Recentemente, ficámos a saber, através do primeiro estudo
epidemiológico nacional de Saúde Mental, que Portugal é o país da Europa com a
maior prevalência de doenças mentais na população. No último ano, um em cada
cinco portugueses sofreu de uma doença psiquiátrica (23%) e quase metade (43%)
já teve uma destas perturbações durante a vida.
Interessa-me a saúde mental dos portugueses porque assisto
com impotência a uma sociedade perturbada e doente em que violência, urdida nos
jogos e na televisão, faz parte da ração diária das crianças e adolescentes.
Neste redil de insanidade, vejo jovens infantilizados incapazes de construírem
um projecto de vida, escravos dos seus insaciáveis desejos e adulados por pais
que satisfazem todos os seus caprichos, expiando uma culpa muitas vezes
imaginária. Na escola, estes jovens adquiriram um estatuto de semideus, pois
todos terão de fazer um esforço sobrenatural para lhes imprimirem a vontade de
adquirir conhecimentos, ainda que estes não o desejem. É natural que assim seja,
dado que a actual sociedade os inebria de direitos, criando-lhes a ilusão
absurda de que podem ser mestres de si próprios.
Interessa-me a saúde mental dos portugueses porque, nos
últimos quinze anos, o divórcio quintuplicou, alcançando 60 divórcios por cada
100 casamentos (dados de 2008). As crises conjugais são também um reflexo das
crises sociais. Se não houver vínculos estáveis entre seres humanos não existe
uma sociedade forte, capaz de criar empresas sólidas e fomentar a prosperidade.
Enquanto o legislador se entretém maquinalmente a produzir leis que entronizam
o divórcio sem culpa, deparo-me com mulheres compungidas, reféns do estado de
alma dos ex-cônjuges para lhes garantirem o pagamento da miserável pensão de
alimentos.
Interessa-me a saúde mental dos portugueses porque se torna
cada vez mais difícil, para quem tem filhos, conciliar o trabalho e a família.

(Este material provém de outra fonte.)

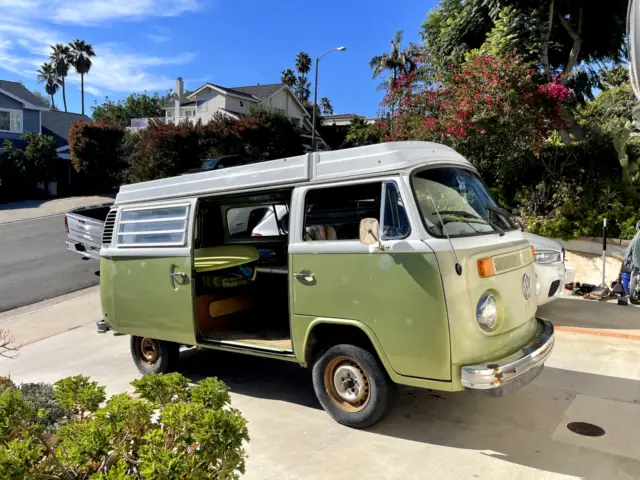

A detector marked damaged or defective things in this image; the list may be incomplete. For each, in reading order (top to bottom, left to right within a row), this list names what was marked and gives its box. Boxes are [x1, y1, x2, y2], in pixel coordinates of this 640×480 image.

rusty steel wheel rim [139, 338, 159, 364]
rusty steel wheel rim [324, 354, 370, 414]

Nas empresas, os directores insanos consideram que a presença prolongada no
trabalho é sinónimo de maior compromisso e produtividade. Portanto é fácil
perceber que, para quem perde cerca de três horas nas deslocações diárias entre
o trabalho, a escola e a casa, seja difícil ter tempo para os filhos. Recordo o
rosto de uma mãe marejado de lágrimas e com o coração dilacerado por andar tão
cansada que quase se tornou impossível brincar com o seu filho de três anos.

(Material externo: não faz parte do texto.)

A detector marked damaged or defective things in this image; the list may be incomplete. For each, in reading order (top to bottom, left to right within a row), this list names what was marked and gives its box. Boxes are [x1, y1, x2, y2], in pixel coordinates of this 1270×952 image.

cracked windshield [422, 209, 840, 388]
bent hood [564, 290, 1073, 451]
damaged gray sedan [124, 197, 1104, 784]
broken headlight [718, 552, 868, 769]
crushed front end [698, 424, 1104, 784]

Interessa-me a saúde mental dos portugueses porque a taxa de
desemprego em Portugal afecta mais de meio milhão de cidadãos. Tenho
presenciado muitos casos de homens e mulheres que, humilhados pela falta de
trabalho, se sentem rendidos e impotentes perante a maldição da pobreza.
Observo as suas mãos, calejadas pelo trabalho manual, tornadas inúteis,
segurando um papel encardido da Segurança Social.

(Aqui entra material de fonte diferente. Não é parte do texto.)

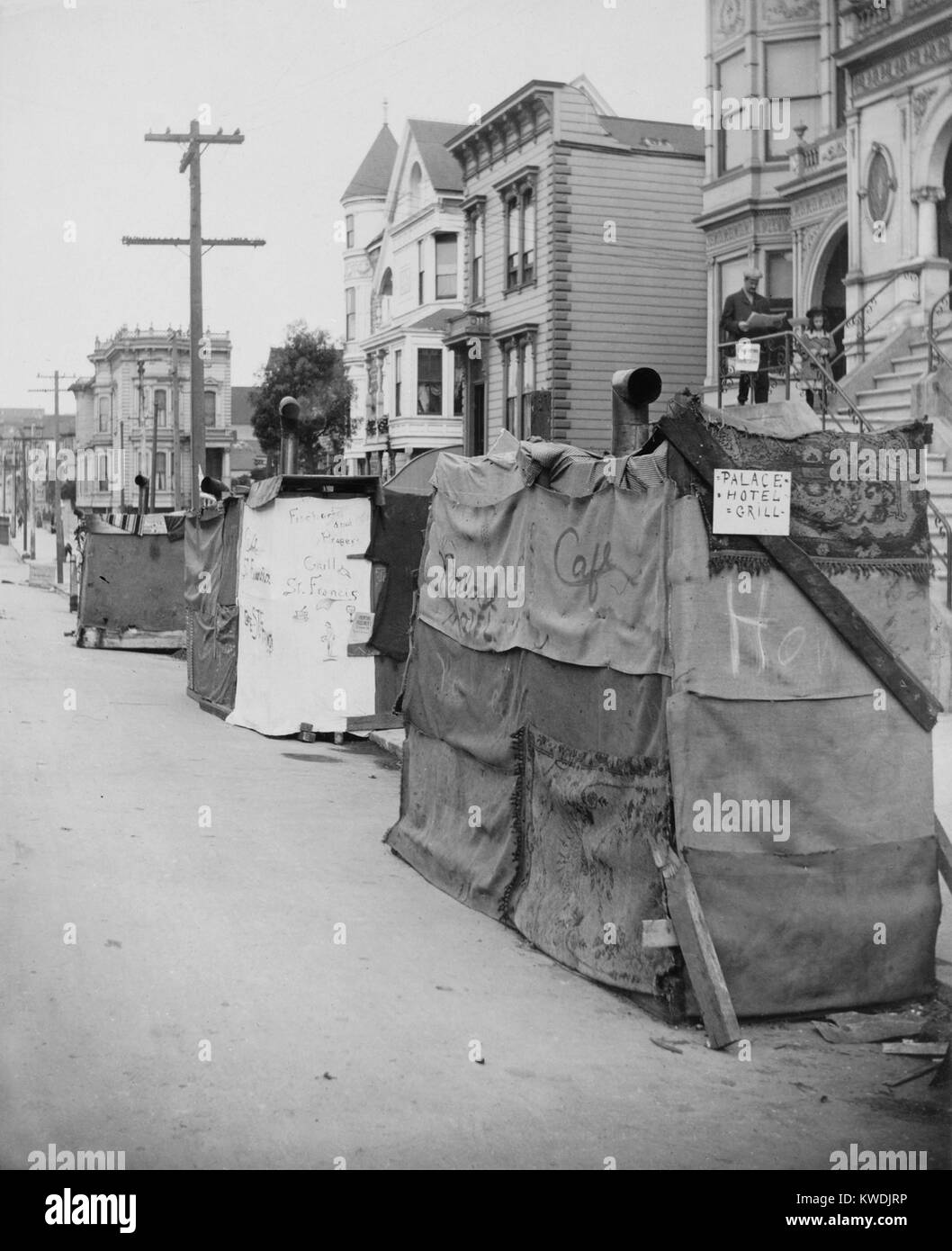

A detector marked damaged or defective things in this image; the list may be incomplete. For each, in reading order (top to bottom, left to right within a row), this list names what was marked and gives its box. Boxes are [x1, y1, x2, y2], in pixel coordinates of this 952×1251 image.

tattered cloth [685, 412, 930, 582]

Interessa-me a saúde mental dos portugueses porque é difícil
aceitar que alguém sobreviva dignamente com pouco mais de 600 euros por mês,
enquanto outros, sem mérito e trabalho, se dedicam impunemente à actividade da
pilhagem do erário público. Fito com assombro e complacência os olhos de revolta
daqueles que estão cansados de escutar repetidamente que é necessário fazer
mais sacrifícios quando já há muito foram dizimados pela praga da miséria.
Finalmente, interessa-me a saúde mental de alguns
portugueses com responsabilidades governativas porque se dedicam obsessivamente
aos números e às estatísticas esquecendo que a sociedade é feita de pessoas.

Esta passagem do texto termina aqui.